ST. LOUIS —
Now that St. Louis Circuit Attorney Kim Gardner has filed a lawsuit against the City of St. Louis and SLMPD, many families are worried that their loved ones' cases will remain unsolved.
One of those cases is the death of Calvin Hayes. He was found dead in an abandoned building in South City last summer. 5 On Your Side's Chris Davis spoke exclusively with Calvin's sister who is still waiting for justice.
Polernicser Hayes still remembers the last day she ever saw her brother Calvin alive, and when a phone call forever changed her life.
"Your brother has been murdered, and I was like 'What brother? Who’s brother? What are you talking about?" recalls Hayes.
Investigators told Polernicser that they believe her brother was meeting up with a woman in South City and that she killed him to be able to cash his social security check.
"The detectives called me, and they said we caught your brother’s murderer," Hayes said.
The detective told Hayes the evidence showed the woman cashed his check. Investigators even found the murder weapon on her when they made the arrest last month.
Then four days later, she was released.
"They had to let her go and I was like, why would you let this lady go? She confessed to his murder," said Hayes.
So, why was the suspect released?
Hayes still doesn't know. The office has never called her back.
5 On Your Side reached out to a spokesperson for the Circuit Attorney, who sent us this statement:
"Ms. Hayes can be assured the Circuit Attorney will continue to prosecute cases where there is sufficient evidence to effectively prosecute regardless of the Circuit Attorney legal efforts to create a fair and unbiased criminal justice system for all. In the case involving the loss of her brother, there is further investigation required for the arrest warrant application that was applied for on December 12, 2019."
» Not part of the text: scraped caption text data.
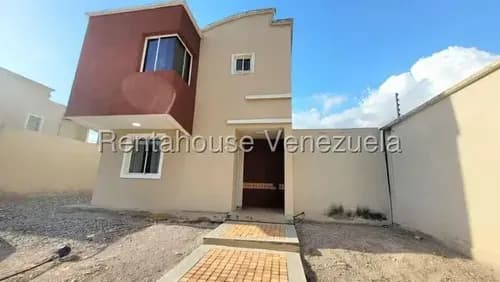 En Alquiler Amplia Casa De Dos Niveles Semi Amoblada Al Este De Barquisimeto, Andreymar Canelón, Cód. 26-12705, Amplias Habitaciones, Baños Modernos,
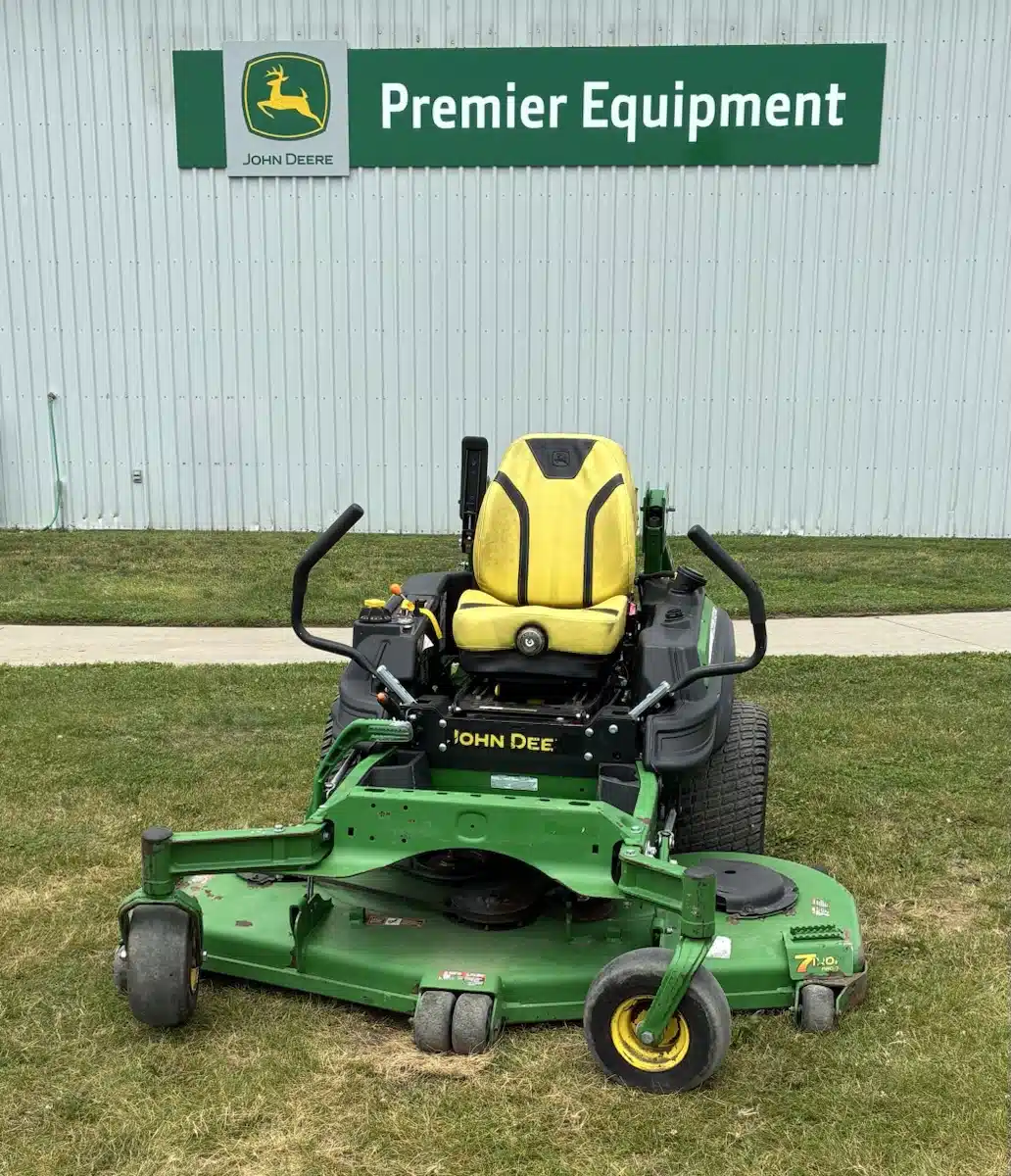 Photo de la Galerie 1 pour 2019 John Deere Z950M Tondeuse à rayon de braquage zéro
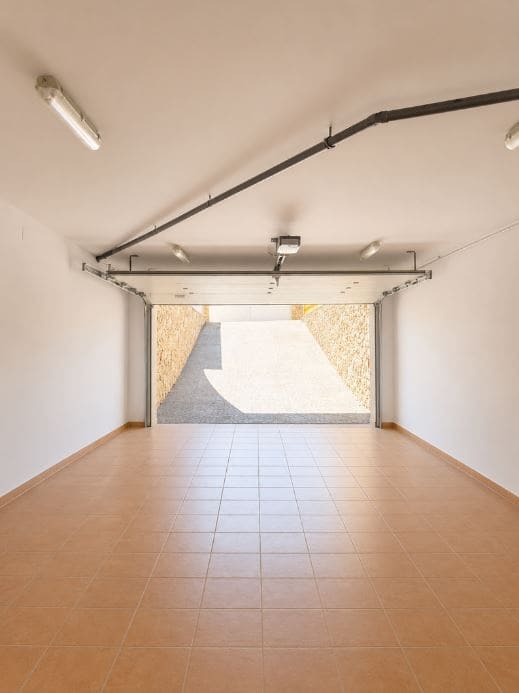 5 sypialnia Willa na sprzedaż w Beniarbeig z basenem garażem - 849 000 € (Ref: 9991794)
"If I don’t get justice for my brother, I don’t know what I’ll do," Hayes told us.
Now that the Circuit Attorney is suing the city and police department, Hayes is worried Calvin's case will only be pushed further to the back burner.
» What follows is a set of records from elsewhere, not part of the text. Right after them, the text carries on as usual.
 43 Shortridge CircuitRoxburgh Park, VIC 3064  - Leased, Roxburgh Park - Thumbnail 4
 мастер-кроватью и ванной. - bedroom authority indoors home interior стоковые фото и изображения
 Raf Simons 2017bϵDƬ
"Y’all better do something. Y’all cannot let these criminals go about their ways in the streets," Hayes said.
So how will the lawsuit impact Gardner's ability to try cases?
According to SLU Professor Anders Walker, Gardner has what's called "plenary power" over prosecutions. He doesn't believe the lawsuit will be a conflict of interest, but it certainly won't help an already strained relationship between police and their prosecutor.
Walker believes the lawsuit could be dismissed by a judge, but if it goes to trial, it could take a really long time to reach a solution.